Goal of the exercise — Could you retype, exactly and with no pictures, only the lines from the first line of the records below through the line that contains "Blend Hooded Sweatshirt"?

Saved entries —
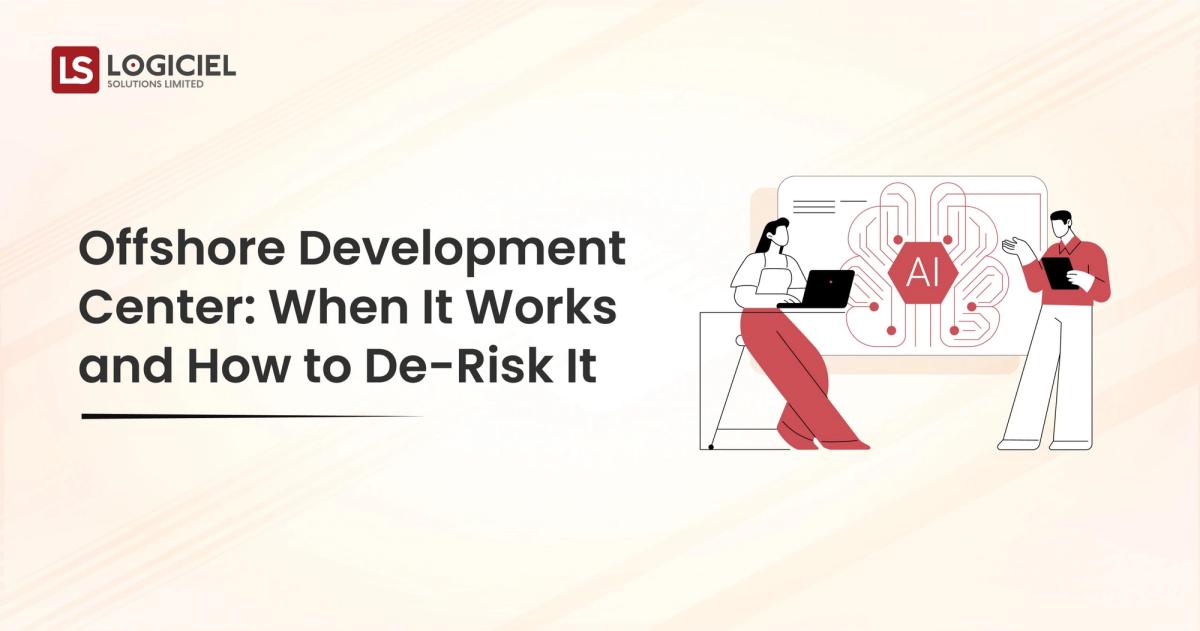 Offshore Development Center When It Works and How to De-Risk It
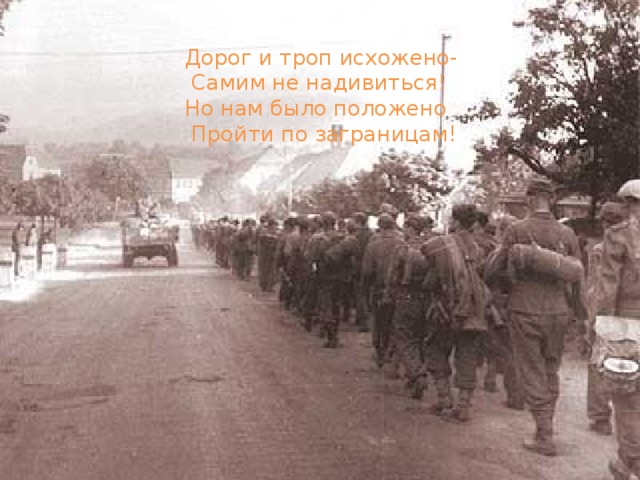 Дорог и троп исхожено-  Самим не надивиться! Но нам было положено  Пройти по заграницам! 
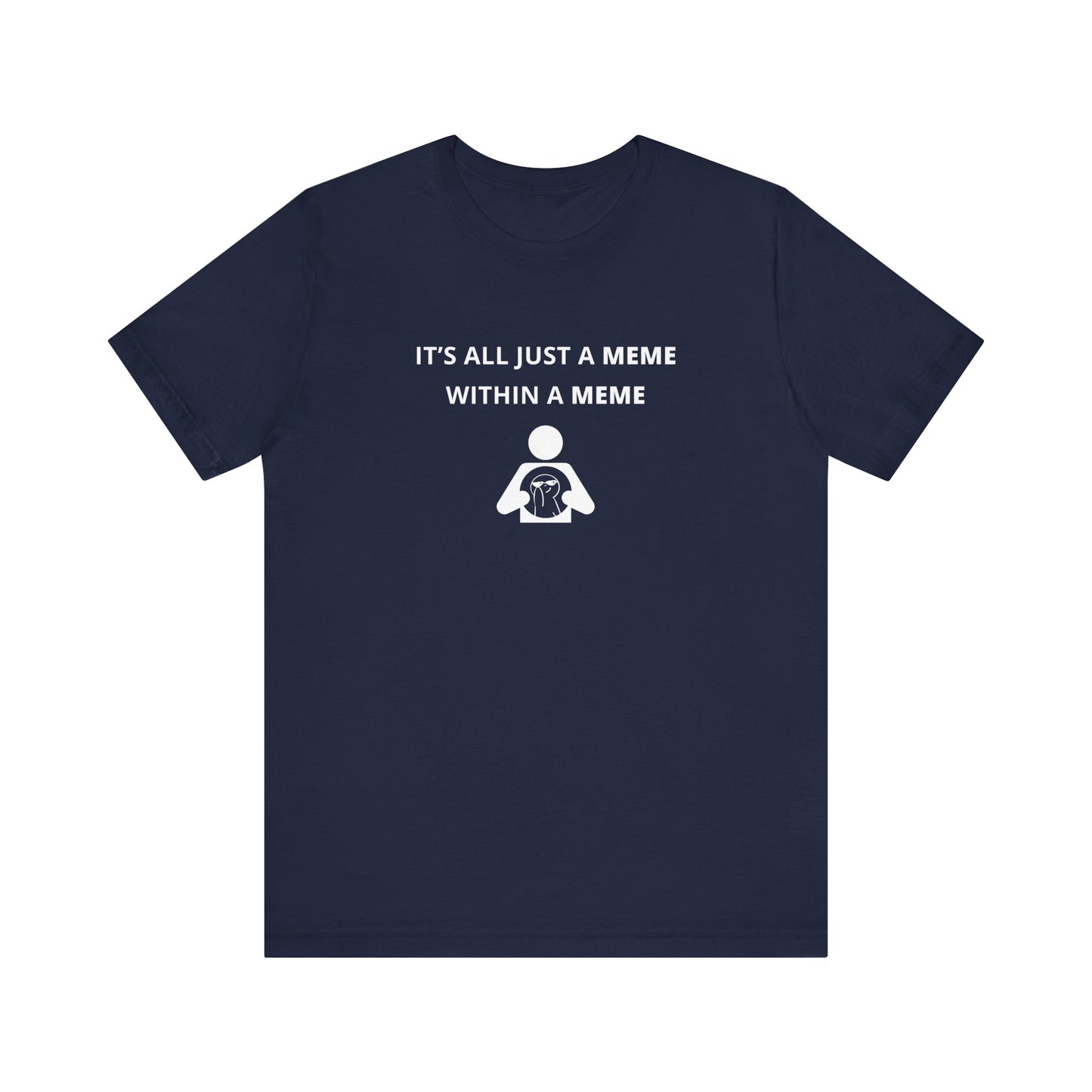 Unisex Short Sleeve Tee - It's all just a Meme within a Meme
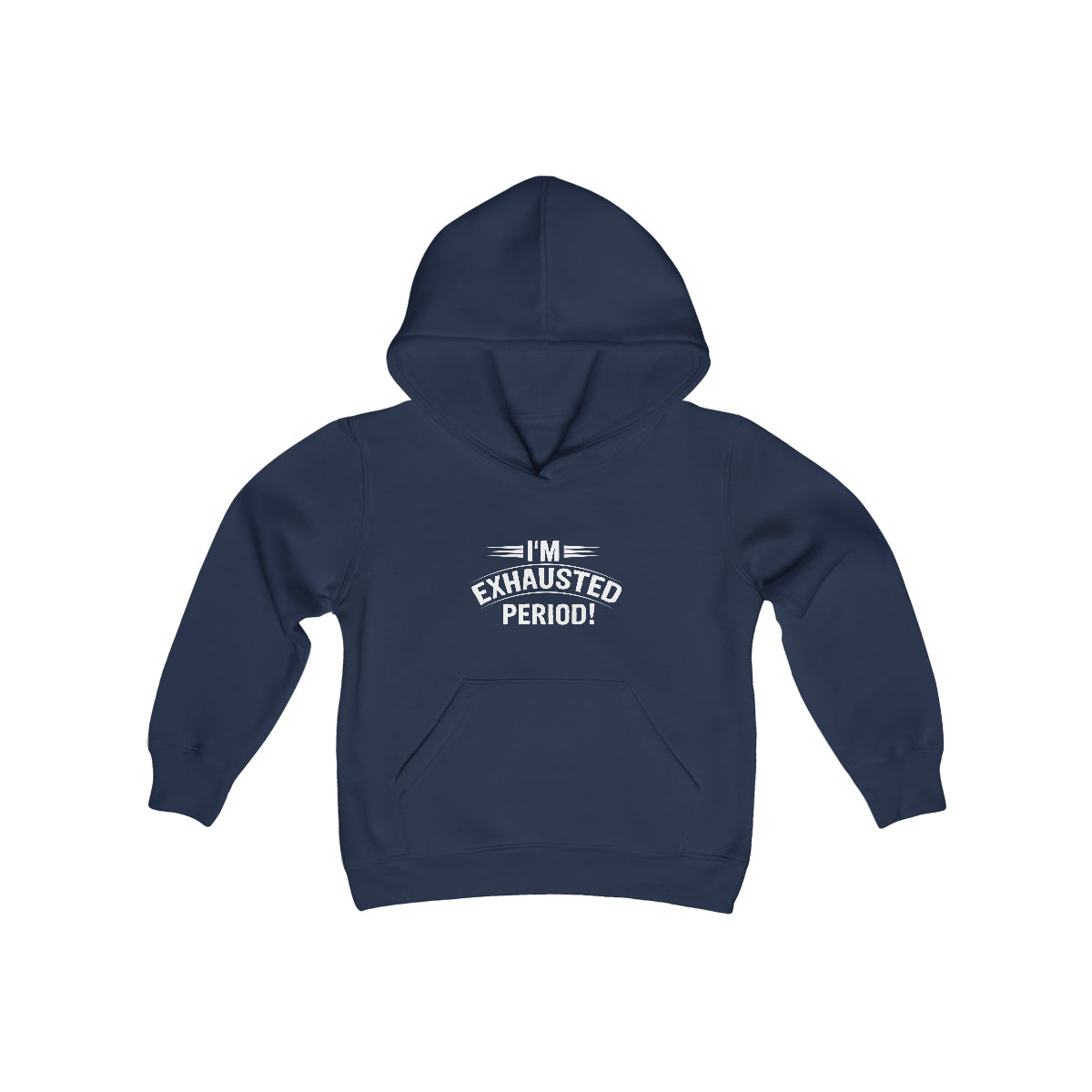 "I'm Exhausted Period" Youth Heavy Blend Hooded Sweatshirt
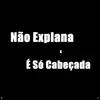 Stream & download Não Explana X É Só Cabeçada (feat. Dj Duuh & MC 7Belo)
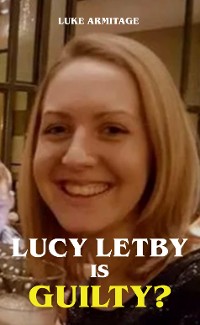 Cover Lucy Letby is Guilty?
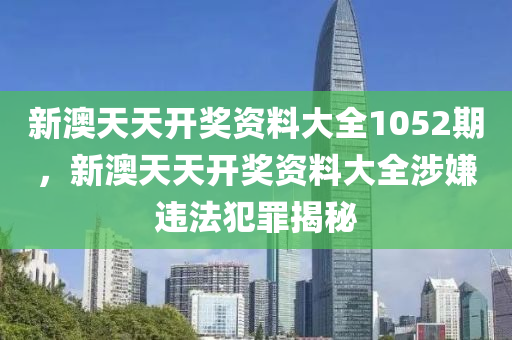 新澳天天开奖资料大全1052期，新澳天天开奖资料大全涉嫌违法犯罪揭秘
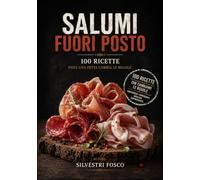 SALUMI FUORI POSTO: 100 ricette dove una fetta cambia le regole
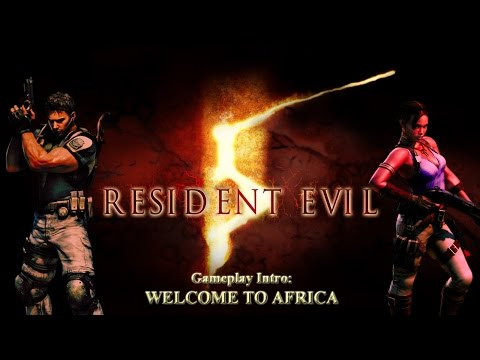 Resident Evil: 5 - Intro: Welcome to Africa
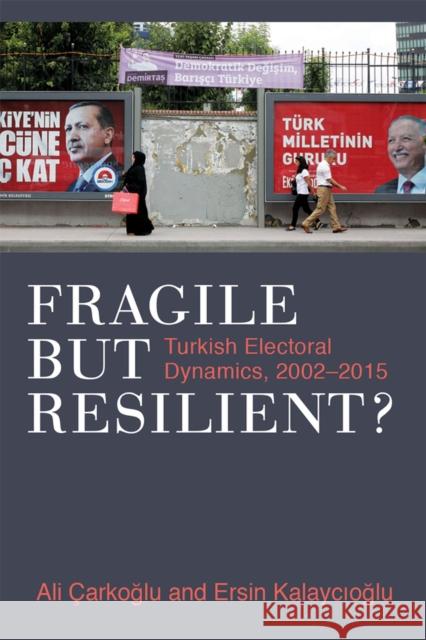 Fragile But Resilient?: Turkish Electoral Dynamics, 2002-2015 Ali Carkoglu Ersin Kalaycioglu 9780472132430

Exercise result —
 Offshore Development Center When It Works and How to De-Risk It
 Дорог и троп исхожено-  Самим не надивиться! Но нам было положено  Пройти по заграницам! 
 Unisex Short Sleeve Tee - It's all just a Meme within a Meme
 "I'm Exhausted Period" Youth Heavy Blend Hooded Sweatshirt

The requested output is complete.